1. Creating hierarhical application contexts

The principle behind this is the fact that the Spring application context is similar to a tree, builded from bottom up. As such every application context that we load (an XML file content or just plain String) can have another application context as parent.

The fact that the tree is builded bottom up is a usefull metaphor to remember as it constrains the visibility of the application contexts (and the beans defined inside of them):

  1. the child can see the parent
  2. the parent cannot see the child.

This makes sense as when the parent context was loaded, there was no child context available. As such the visibility/scope is going only one way. You cannot use the parent context to get a bean from the child context. Only the other way around : use the child context to get a bean from the parent context.

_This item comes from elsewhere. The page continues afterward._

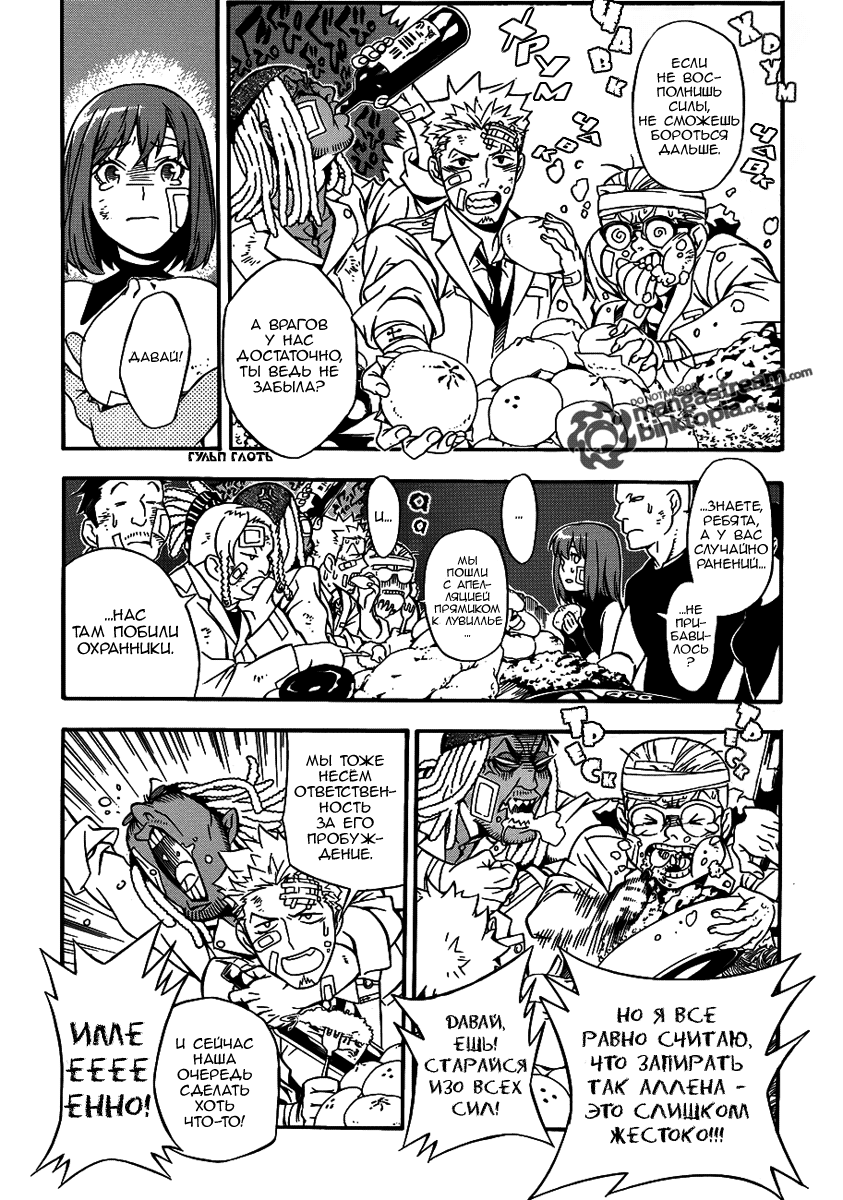 Read D.Gray-Man (Д.Грэй-мен) Manga Online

2. Managing multiple contexts – the simplest way to go

The easiest/cleanest way to work with this situation is to think of the child application context as a “second class citizen”. As such it can contain beans that refer to the parent/stable context. Also you avoid cross-refering/cross-using beans from one child context to another (this is not possible through the Spring context application loader, but it could be done trough different hacks in your code). A good example of the child application context would be that of a job that gets configured as a chain of multiple resources/beans available in the parent :

As you can see the child context just define “job plans”, which can be fancifull assemblies of existing parent beans. Whenever you want to call a job (ie. by id) you just need to know in which child context was the job defined and then use that particular context to instantiate the bean. The straightforward way to do this is to keep a Map<String,AbstractApplicationContext> somewhere accesible in the parent context and whenever you add a new child context, update the map with all the beans from the child context that you know you will need to call directly (ie. in the above example it would make sense to get all the beans that are an instance of the com.example.Job class as I’m sure that I will call just job beans directly)

2.1 Load, Refresh & Close

The main reson why we want to have child application contexts is because we want our jobs to be flexible. As such we need to be able to create, update & delete jobs without any redeploy.This is done straightforward in our situation :

If you have some mechanism to update the child application context XML files, all you need to do is to refresh the child application (or close and load them), and you get a new “version” of the jobs.

3. Pitfalls

  1. Don’t cross reference beans from two different child contexts. What happens when you end up closing one of the contexts and the other one needs it?
  2. Don’t use beans from the child context in the parent context. You cannot do this through Spring directly, but you can still assign it through you code. When the child application gets closed or refreshed you will still keep references from the old version.